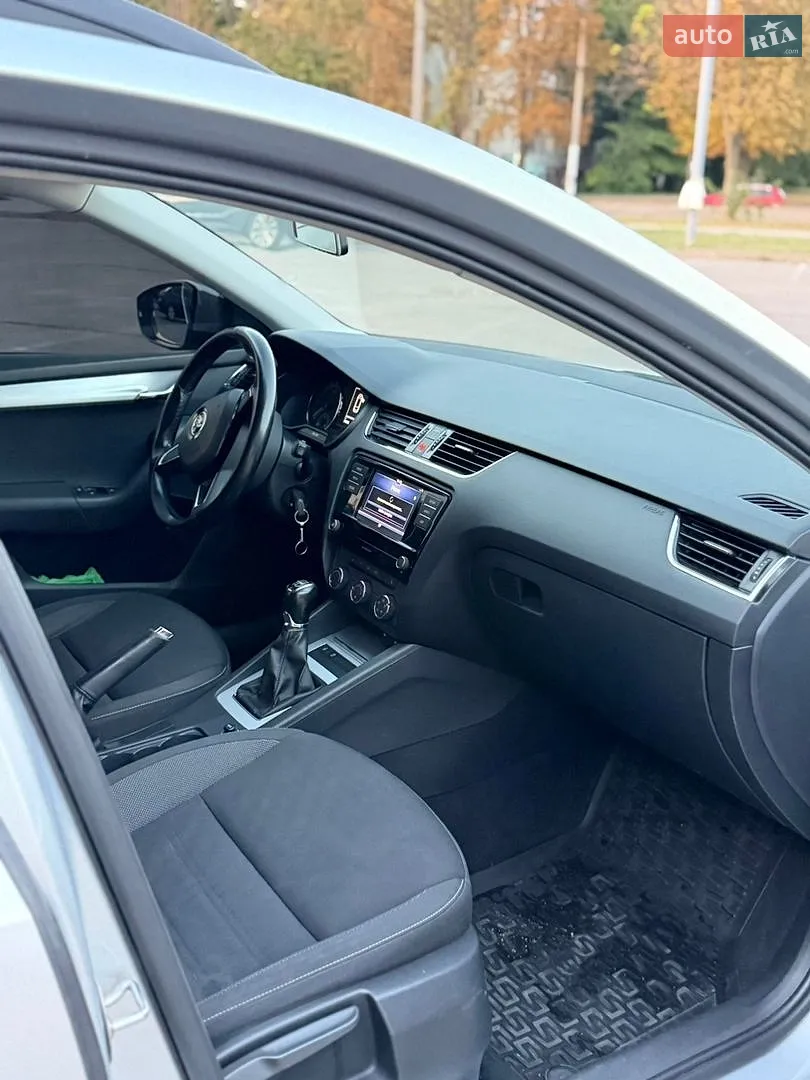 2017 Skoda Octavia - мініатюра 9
---
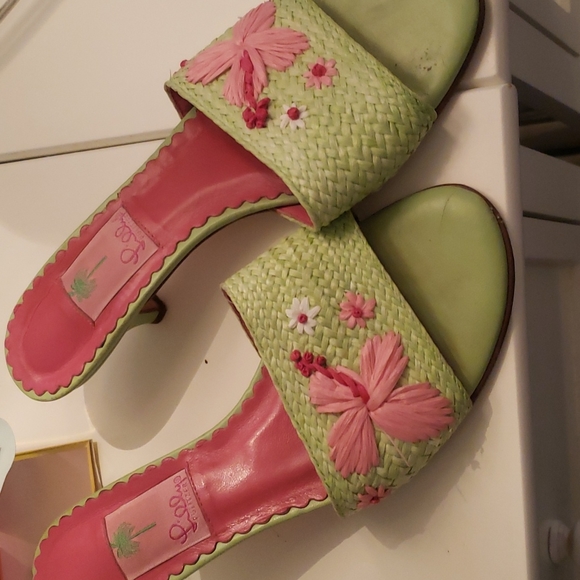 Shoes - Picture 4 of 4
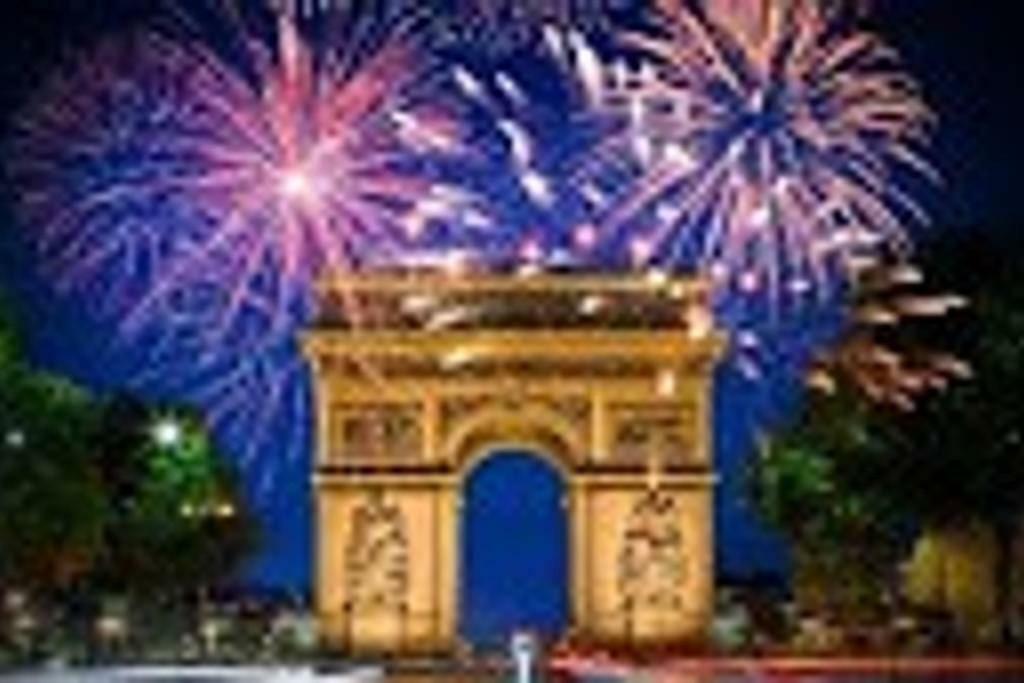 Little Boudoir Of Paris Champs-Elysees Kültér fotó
* * *
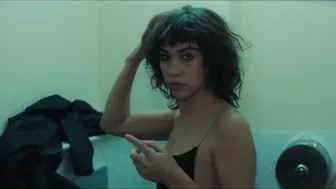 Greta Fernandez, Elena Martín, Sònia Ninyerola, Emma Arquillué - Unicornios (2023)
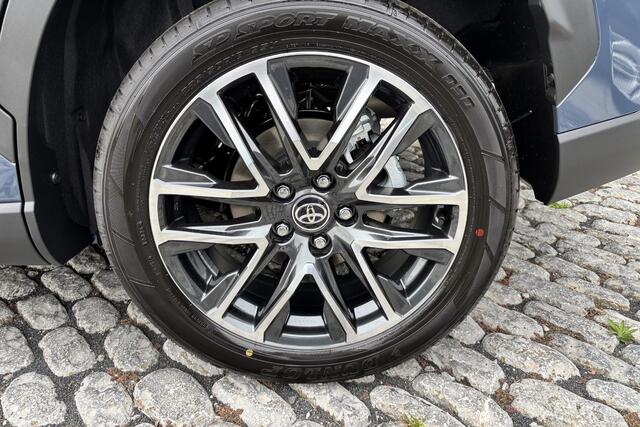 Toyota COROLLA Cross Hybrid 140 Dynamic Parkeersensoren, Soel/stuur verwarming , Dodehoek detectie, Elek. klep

## [Exercise instructions]
In the listing above, find the line with "Greta Fernandez, Elena" and the line with "Toyota COROLLA Cross". Set down exactly those lines and everything between them, skipping pictures.

## [Answer section]
 Greta Fernandez, Elena Martín, Sònia Ninyerola, Emma Arquillué - Unicornios (2023)
 Toyota COROLLA Cross Hybrid 140 Dynamic Parkeersensoren, Soel/stuur verwarming , Dodehoek detectie, Elek. klep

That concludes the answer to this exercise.